● Task requirements
In this exercise, return each entry exactly as given.

Web page caption snippets:
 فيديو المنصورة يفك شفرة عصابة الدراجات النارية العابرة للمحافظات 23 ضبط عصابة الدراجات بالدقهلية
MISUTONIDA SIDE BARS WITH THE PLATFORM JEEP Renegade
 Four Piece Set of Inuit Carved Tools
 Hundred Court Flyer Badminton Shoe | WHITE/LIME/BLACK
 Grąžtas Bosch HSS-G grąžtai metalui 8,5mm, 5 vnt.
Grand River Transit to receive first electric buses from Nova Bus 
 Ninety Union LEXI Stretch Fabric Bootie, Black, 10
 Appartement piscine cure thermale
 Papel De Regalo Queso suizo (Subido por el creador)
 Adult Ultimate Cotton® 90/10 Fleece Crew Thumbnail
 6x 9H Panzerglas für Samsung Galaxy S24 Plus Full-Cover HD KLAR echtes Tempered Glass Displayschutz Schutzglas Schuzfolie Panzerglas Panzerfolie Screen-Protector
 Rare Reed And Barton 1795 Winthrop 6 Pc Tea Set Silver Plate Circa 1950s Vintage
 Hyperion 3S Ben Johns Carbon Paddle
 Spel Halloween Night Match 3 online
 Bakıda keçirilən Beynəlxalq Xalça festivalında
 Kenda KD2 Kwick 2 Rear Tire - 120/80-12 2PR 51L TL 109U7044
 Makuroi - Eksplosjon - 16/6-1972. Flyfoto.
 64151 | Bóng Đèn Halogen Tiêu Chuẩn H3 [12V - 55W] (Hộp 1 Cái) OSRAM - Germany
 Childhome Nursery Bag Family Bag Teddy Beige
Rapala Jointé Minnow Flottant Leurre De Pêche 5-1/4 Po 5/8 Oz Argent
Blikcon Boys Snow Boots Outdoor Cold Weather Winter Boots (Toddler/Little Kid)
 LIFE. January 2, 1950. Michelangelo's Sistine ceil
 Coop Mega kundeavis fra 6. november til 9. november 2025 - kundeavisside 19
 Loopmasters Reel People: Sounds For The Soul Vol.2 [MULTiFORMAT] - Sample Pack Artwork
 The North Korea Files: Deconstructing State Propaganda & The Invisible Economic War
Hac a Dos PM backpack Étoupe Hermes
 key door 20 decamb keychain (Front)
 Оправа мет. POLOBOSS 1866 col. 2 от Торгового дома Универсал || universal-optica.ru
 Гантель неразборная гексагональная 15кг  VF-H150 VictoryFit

● Final answer
 فيديو المنصورة يفك شفرة عصابة الدراجات النارية العابرة للمحافظات 23 ضبط عصابة الدراجات بالدقهلية
MISUTONIDA SIDE BARS WITH THE PLATFORM JEEP Renegade
 Four Piece Set of Inuit Carved Tools
 Hundred Court Flyer Badminton Shoe | WHITE/LIME/BLACK
 Grąžtas Bosch HSS-G grąžtai metalui 8,5mm, 5 vnt.
Grand River Transit to receive first electric buses from Nova Bus 
 Ninety Union LEXI Stretch Fabric Bootie, Black, 10
 Appartement piscine cure thermale
 Papel De Regalo Queso suizo (Subido por el creador)
 Adult Ultimate Cotton® 90/10 Fleece Crew Thumbnail
 6x 9H Panzerglas für Samsung Galaxy S24 Plus Full-Cover HD KLAR echtes Tempered Glass Displayschutz Schutzglas Schuzfolie Panzerglas Panzerfolie Screen-Protector
 Rare Reed And Barton 1795 Winthrop 6 Pc Tea Set Silver Plate Circa 1950s Vintage
 Hyperion 3S Ben Johns Carbon Paddle
 Spel Halloween Night Match 3 online
 Bakıda keçirilən Beynəlxalq Xalça festivalında
 Kenda KD2 Kwick 2 Rear Tire - 120/80-12 2PR 51L TL 109U7044
 Makuroi - Eksplosjon - 16/6-1972. Flyfoto.
 64151 | Bóng Đèn Halogen Tiêu Chuẩn H3 [12V - 55W] (Hộp 1 Cái) OSRAM - Germany
 Childhome Nursery Bag Family Bag Teddy Beige
Rapala Jointé Minnow Flottant Leurre De Pêche 5-1/4 Po 5/8 Oz Argent
Blikcon Boys Snow Boots Outdoor Cold Weather Winter Boots (Toddler/Little Kid)
 LIFE. January 2, 1950. Michelangelo's Sistine ceil
 Coop Mega kundeavis fra 6. november til 9. november 2025 - kundeavisside 19
 Loopmasters Reel People: Sounds For The Soul Vol.2 [MULTiFORMAT] - Sample Pack Artwork
 The North Korea Files: Deconstructing State Propaganda & The Invisible Economic War
Hac a Dos PM backpack Étoupe Hermes
 key door 20 decamb keychain (Front)
 Оправа мет. POLOBOSS 1866 col. 2 от Торгового дома Универсал || universal-optica.ru
 Гантель неразборная гексагональная 15кг  VF-H150 VictoryFit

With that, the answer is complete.